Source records
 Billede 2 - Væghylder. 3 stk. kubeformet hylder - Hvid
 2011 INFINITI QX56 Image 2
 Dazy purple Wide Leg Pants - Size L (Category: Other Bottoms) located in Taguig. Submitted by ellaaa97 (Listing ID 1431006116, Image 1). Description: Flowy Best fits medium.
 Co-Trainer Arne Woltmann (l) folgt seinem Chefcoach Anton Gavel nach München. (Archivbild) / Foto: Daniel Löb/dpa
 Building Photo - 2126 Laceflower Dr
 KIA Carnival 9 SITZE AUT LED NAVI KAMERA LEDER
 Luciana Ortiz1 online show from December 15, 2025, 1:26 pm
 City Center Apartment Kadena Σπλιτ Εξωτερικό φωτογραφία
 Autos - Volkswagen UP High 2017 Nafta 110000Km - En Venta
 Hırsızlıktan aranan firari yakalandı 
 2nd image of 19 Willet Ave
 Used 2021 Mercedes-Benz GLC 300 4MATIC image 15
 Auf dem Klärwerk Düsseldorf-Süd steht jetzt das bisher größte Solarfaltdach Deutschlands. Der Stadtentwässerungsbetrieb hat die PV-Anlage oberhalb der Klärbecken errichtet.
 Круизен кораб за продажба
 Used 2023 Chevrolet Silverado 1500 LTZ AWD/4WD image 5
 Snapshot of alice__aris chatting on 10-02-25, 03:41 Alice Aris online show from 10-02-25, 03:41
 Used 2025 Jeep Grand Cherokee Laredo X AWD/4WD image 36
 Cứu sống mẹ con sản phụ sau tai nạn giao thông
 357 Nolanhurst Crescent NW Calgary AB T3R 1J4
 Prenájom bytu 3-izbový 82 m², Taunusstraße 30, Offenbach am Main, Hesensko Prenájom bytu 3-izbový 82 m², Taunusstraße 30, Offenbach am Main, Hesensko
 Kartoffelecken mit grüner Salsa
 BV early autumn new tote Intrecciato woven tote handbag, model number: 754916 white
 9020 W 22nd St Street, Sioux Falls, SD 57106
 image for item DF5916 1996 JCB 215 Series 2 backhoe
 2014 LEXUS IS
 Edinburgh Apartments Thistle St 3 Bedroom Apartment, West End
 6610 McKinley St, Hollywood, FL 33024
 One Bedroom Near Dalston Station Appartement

### Exercise goal
The answer must be every line from the records above that contains the word "online", copied in full.

### Written solution
 Luciana Ortiz1 online show from December 15, 2025, 1:26 pm
 Snapshot of alice__aris chatting on 10-02-25, 03:41 Alice Aris online show from 10-02-25, 03:41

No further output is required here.